Definite hop aroma to the beer. Naturally, I sampled about 2oz just to try it out and I will say it was a little on the "twangy" side. From what I have read this can be an issue with beers brewed with LME. My last batch of beer had a similar (much more prominent) characteristic, but it mostly worked itself out after a couple of weeks of bottle conditioning.

Full disclosure, both batches of beer were my first attempts at dry hopping.

Going to let this batch bottle condition for a couple of weeks and see what we have at the end!
 
Bottled this batch on Saturday afternoon. Unfortunately, not all of the hop settlement from the pellets settled to the bottom and some were still floating around in the fermenter. Was able to keep most of this in the fermenter once I transferred to my bottling bucket.

Definite hop aroma to the beer. Naturally, I sampled about 2oz just to try it out and I will say it was a little on the "twangy" side. From what I have read this can be an issue with beers brewed with LME. My last batch of beer had a similar (much more prominent) characteristic, but it mostly worked itself out after a couple of weeks of bottle conditioning.

Full disclosure, both batches of beer were my first attempts at dry hopping.

Going to let this batch bottle condition for a couple of weeks and see what we have at the end!
After bottle conditioning keep them in the fridge for a week or so and the rest of the hop matter should settle out with the yeast.
 
OK, so time to report back on this batch.

Overall, I will give it a "B". After letting it condition in the bottle for about 3 weeks with about 1 week of that in the fridge, I would say all of the flavors and aromas had blended and settled. What I learned when I checked it into Untappd was it is classified as an Imperial IPA not the West Coast style I thought it was. This my least favorite style of IPA (personal preference, I am an NE or West Coast IPA kinda guy).I put this on me though, as I should have researched the kit a little more, so no fault to anyone but myself.
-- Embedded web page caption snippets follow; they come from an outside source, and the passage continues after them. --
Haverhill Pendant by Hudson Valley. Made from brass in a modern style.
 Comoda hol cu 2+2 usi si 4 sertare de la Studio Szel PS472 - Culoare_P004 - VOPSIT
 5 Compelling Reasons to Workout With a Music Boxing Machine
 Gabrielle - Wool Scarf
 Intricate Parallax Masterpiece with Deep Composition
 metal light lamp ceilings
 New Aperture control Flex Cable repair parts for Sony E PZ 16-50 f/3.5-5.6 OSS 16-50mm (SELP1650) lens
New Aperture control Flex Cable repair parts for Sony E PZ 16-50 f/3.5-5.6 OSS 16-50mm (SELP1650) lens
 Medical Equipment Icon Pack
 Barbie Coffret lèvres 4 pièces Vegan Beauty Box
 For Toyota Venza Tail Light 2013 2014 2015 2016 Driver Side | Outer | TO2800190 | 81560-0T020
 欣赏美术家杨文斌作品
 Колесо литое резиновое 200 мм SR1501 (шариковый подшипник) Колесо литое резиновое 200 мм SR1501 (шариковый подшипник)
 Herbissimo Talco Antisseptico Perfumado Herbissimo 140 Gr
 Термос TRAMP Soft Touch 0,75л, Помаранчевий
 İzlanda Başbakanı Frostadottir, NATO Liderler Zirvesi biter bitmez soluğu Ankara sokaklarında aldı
I am drinking it still, cause hey, I did make it for that very reason :) And to be honest, it fits the flavor profile of an Imperial IPA so I must have done something right here.

The big win for me is I managed to get more experience under my belt and continue to tweak my techniques. I have a few more extract kits to work through and plan on progressing to BIAB shortly as well. My plan is to find an IPA or Pale Ale BIAB recipe that I can brew a few times and really familiar with.
 
Every batch you make will improve your skill and process.
 
Great news!
Your plan to pick a recipe and perfect it, is agreat plan!